Nous cherchons des traces de virage social et nous ne trouvons qu’un virage social-libéral totalement assumé par François Hollande. Où s’arrêtera la trahison du discours du Bourget?
Parfois les mots perdent de leur substance et n’ont qu’un lointain rapport avec l’originelle intention. Regardez comment François Hollande et Jean-Marc Ayrault tentent de légitimer toutes leurs actions par la douceur et la noblesse de la «justice», oui, la «justice», toujours la «justice», assaisonnée à toutes les sauces. Même les plus aigres. Chaque semaine qui passe nous apporte en effet son lot de dévoiements et autres renoncements qui constituent autant d’incompréhensions pour une belle majorité des électeurs d’un certain 6 mai 2012. Dernier épisode en date? Les retraites. Pour l’heure, le gouvernement n’en est (officiellement) qu’à l’énumération de pistes, contenues dans un rapport piloté par la conseillère d’État Yannick Moreau. Ce qui s’y trouve, toutefois, pourrait ouvrir de nouvelles brèches dans le système français et, à terme, si par malheur de semblables mesures étaient appliquées, mettre à bas l’un des piliers du pacte républicain hérité du CNR – du moins ce qu’il en reste…
Ce que le Figaro présente comme un «cocktail détonant pour réformer les retraites» s’apparenterait en vérité à une déclaration de guerre sociale, ni plus ni moins. Allongement de la durée de cotisation, calcul des pensions de la fonction publique non plus sur les six derniers mois mais sur les dix dernières années de carrière, hausse de la CSG pour les retraités, suppression de leur abattement fiscal de 10%...
Principale contrepartie envisagée? Une hausse de 0,3% des cotisations patronales. Sans doute faudrait-il dire merci pour ce beau geste? Stop! N’en jetez plus! Depuis vingt-quatre heures, les réactions syndicales sont évidemment à la hauteur de l’inquiétude. Et pour
cause. Aucune de ces
mesures n’améliorerait la situation économique, bien au contraire. Depuis le début de la crise, la France, soumise au diktat des logiques austéritaires, a déjà perdu 8 points de PIB et des centaines de milliers d’emplois. Or il est impossible d’évoquer le dossier des retraites en le déconnectant des politiques globales. Avec le retour d’un peu de croissance et un chômage à la baisse, nous
ne parlerions même plus des éventuels déficits des régimes! Sortir de la spirale mortifère des politiques de rigueur menées un peu partout, qui ne conduisent qu’à accentuer la récession, est ainsi un impératif et une urgence. Augmenter la durée de cotisation, désindexer les pensions et, au final, rogner sur le pouvoir d’achat, ce serait accroître le mal.
Pour contenir la fronde prévisible, le premier ministre assure que la future réforme sera «guidée» par les mêmes principes que celle de la politique familiale.
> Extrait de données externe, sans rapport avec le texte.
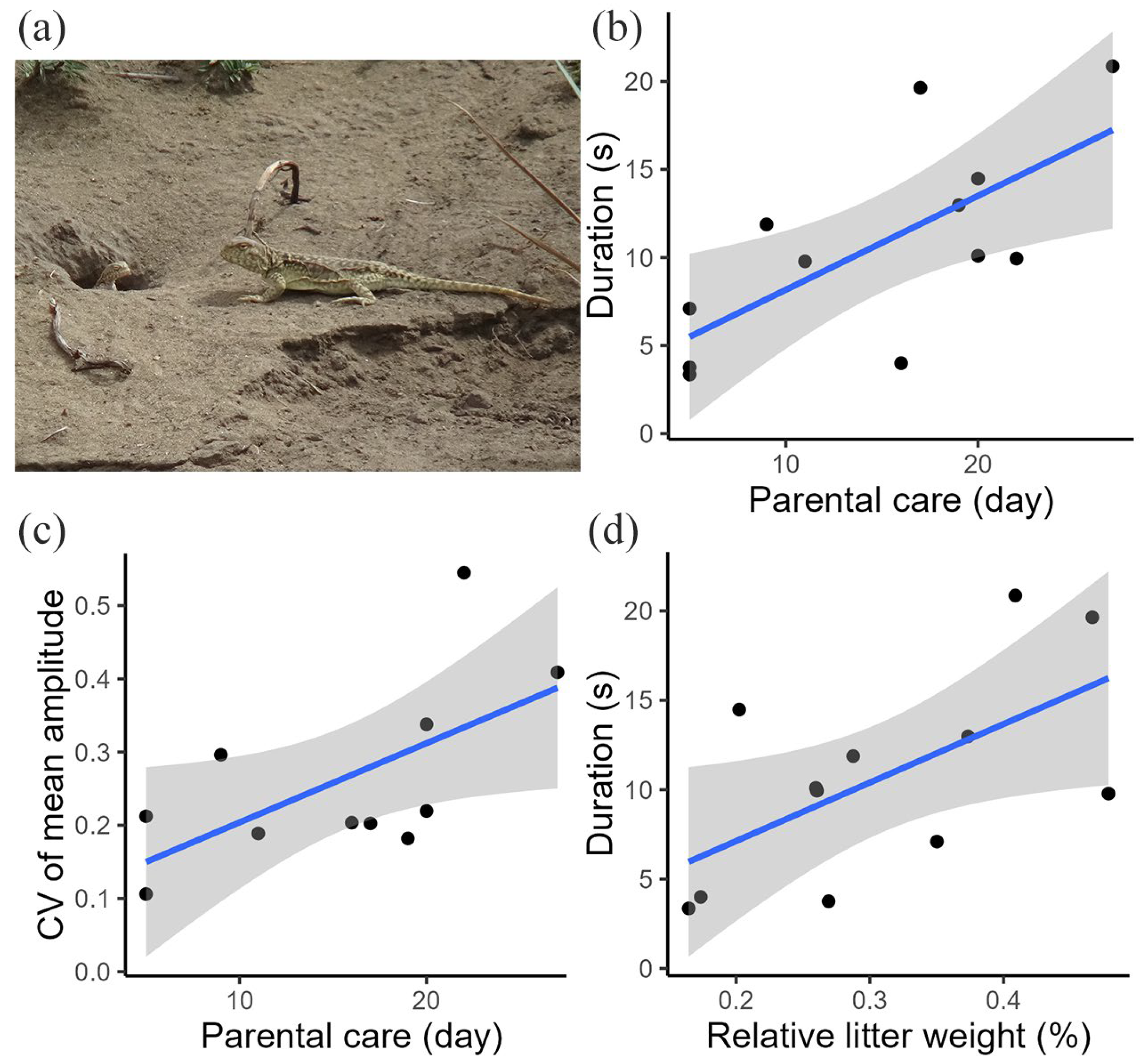 Animals 15 00038 g003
Il y a donc tout lieu d’être inquiet. Nous cherchons des traces de virage social – ce pour quoi nous avons élu François Hollande – et nous ne trouvons qu’un virage social-libéral totalement assumé. Où s’arrêtera la trahison du discours du Bourget? Pendant que Pierre Moscovici tourne casaque sur les salaires des patrons, expliquant qu’il convient de faire confiance au «code de bonne conduite du Medef» (sic), le président pratique l’éloge de Schröder, le démolisseur de l’état social allemand. Comment, après tout cela, oser encore se référer à Jaurès? Cette question hante sûrement bien des têtes socialistes. Que François Hollande se méfie néanmoins. Personne n’a oublié les grandes grèves et manifestations, ni le traumatisme du passage en force des «réformes» Woerth, moule dans lequel semble se couler l’exécutif actuel. Notre sondage CSA sur les retraites, publié lundi, résonne comme une mise en garde. Les Français sont inquiets et se disent prêts à se mobiliser contre des mesures qui menaceraient leurs droits. Faisons en sorte que ce ne soient pas que des mots, mais une ferme intention.